Year 2 Lesson Plan 24 (LAST LESSON) - Volumes, Absolute Values

This lesson is meant to be the last lesson. If you curriculum has room for 25 lessons, then this should be the last one. Teach lesson 25 first, and then use this as the last lesson. It is a review of vocabulary and a brief exercise in volumes and absolute values (both easy concepts.)
  1. (5 min) Mental Math
    1. What is the square root of 36? [6]
    2. What is square root of 49? [7]
    3. What is square root of 81? [9]
    4. What is cube root of 8? [2]
    5. What is cube root of 27? [3]

  2. (10 min) VOLUMES
    To calculate the volume of a 3-dimensional geometrical solid, find the area of the base and multiply by its height. Volumes are expressed in cubic units. Here are some formulas for volumes:
    • Rectangular prism (a box): volume = length x width x height
      Example: A box that is 3 by 4 by 5 feet has a volume of 60 cu ft.
    • Cube whose side has length S: S x S x S
      Example: A cube whose side is 3 inches long: volume = 27 cu in.
    • Cylinder: volume = base x height = pi x r2 x h
      Example: Radius = 2, height = 5, volume = 20 pi or 62.8
    • Triangular prism: volume = base x height = (length x width/2) x height
      Example: Length = 2, width = 3, height = 4, volume = 12

    Absolute value is the positive value of a number. It is written with straight bars on each side: | - 6 | = 6 and also | 6 | = 6.
    For x = - 5, | x | = 5
    Why is this important? Well it gives us the size of a number without worrying about its sign. It is useful in calculating distance from point A to point B when point B is smaller than point A.

  4. In-class exercise. No homework this week. This is the last week!

    This week's competition is Math Jeopardy. You play it with the class using the rules of jeopardy. This game is a change of pace and gives the kids some interesting practice on vocabulary. If they do not know a word, explain it to them as you go. You can explain the answers, too as you go along.

    The kids take turns picking a category and value, you read the questions, and the first kid with a hand up gets to answer. Answers must be phrased in the form of a question. If you read: "the first even number" the correct answer is "What is 4?" Paper and pencil are OK. Calculators are OK, although they will be a big disadvantage, as they will slow the kid down.

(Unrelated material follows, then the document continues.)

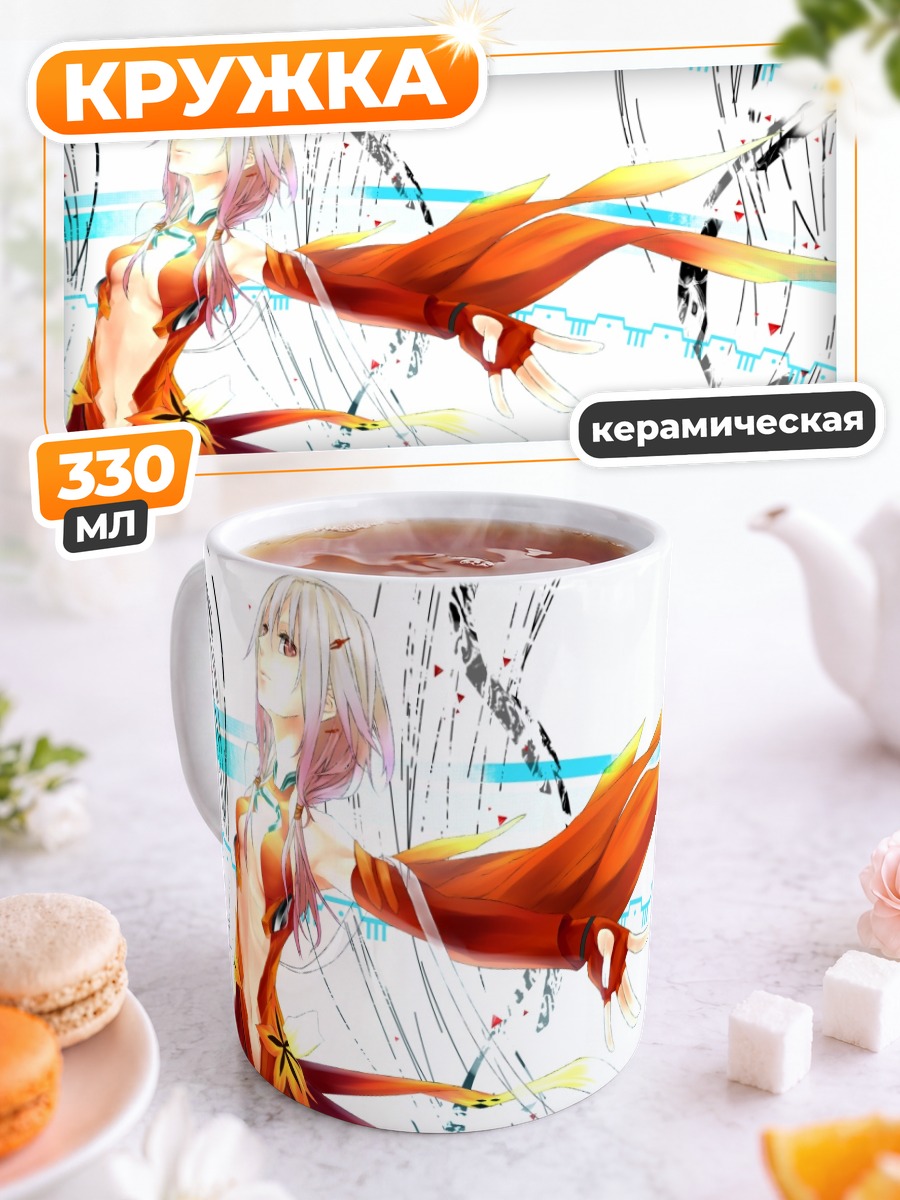 Кружка керамическая Инори Юдзуриха в танце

    Give 1 of a prize (1 M&M or 1 Skittle) for a $100 answer, 2 for a $200 answer, and 10 for a $1000 answer. The kids may either eat their earnings or save them to bet on Final Jeopardy. Two big bags of candies should be enough--you will need about 400 pieces to play the entire thing.

    Here are some hints about how to adapt this to make it more successful:
    • Use a transparency projector to display the grid of choices and mark them off as the kids get the answers.
    • Instead of displaying the choices, display the questions which have been covered up by little Post-it notes (1/5" by 2" size) Remove the Post-it notes to reveal the questions.
    • If one kid dominates the answers, (highly probable) take turns going around the room letting each kid have a turn at a question. If a kid cannot answer the question she or he chose, then pick on someone else who has a hand up. This ensures that everyone is thinking about the question, as they may get a chance as a backup.
    • If you have too many kids to play, try forming them into teams of 4 with a spokesman captain. Give the team 15 seconds to answer the question before calling on someone else. In this case, everyone on the team would get the prize.